▶ [DATA]
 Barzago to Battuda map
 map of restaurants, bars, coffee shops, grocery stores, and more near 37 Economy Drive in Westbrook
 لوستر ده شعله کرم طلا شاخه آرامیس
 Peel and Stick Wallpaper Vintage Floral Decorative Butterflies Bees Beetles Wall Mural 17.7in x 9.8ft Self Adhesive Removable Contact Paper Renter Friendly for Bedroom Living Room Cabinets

▶ [REQUIRED WORK] Set down verbatim only the lines between the start of the data above and the line with "لوستر ده شعله کرم طلا شاخه آرامیس", both boundaries included.

▶ [RESULT]
 Barzago to Battuda map
 map of restaurants, bars, coffee shops, grocery stores, and more near 37 Economy Drive in Westbrook
 لوستر ده شعله کرم طلا شاخه آرامیس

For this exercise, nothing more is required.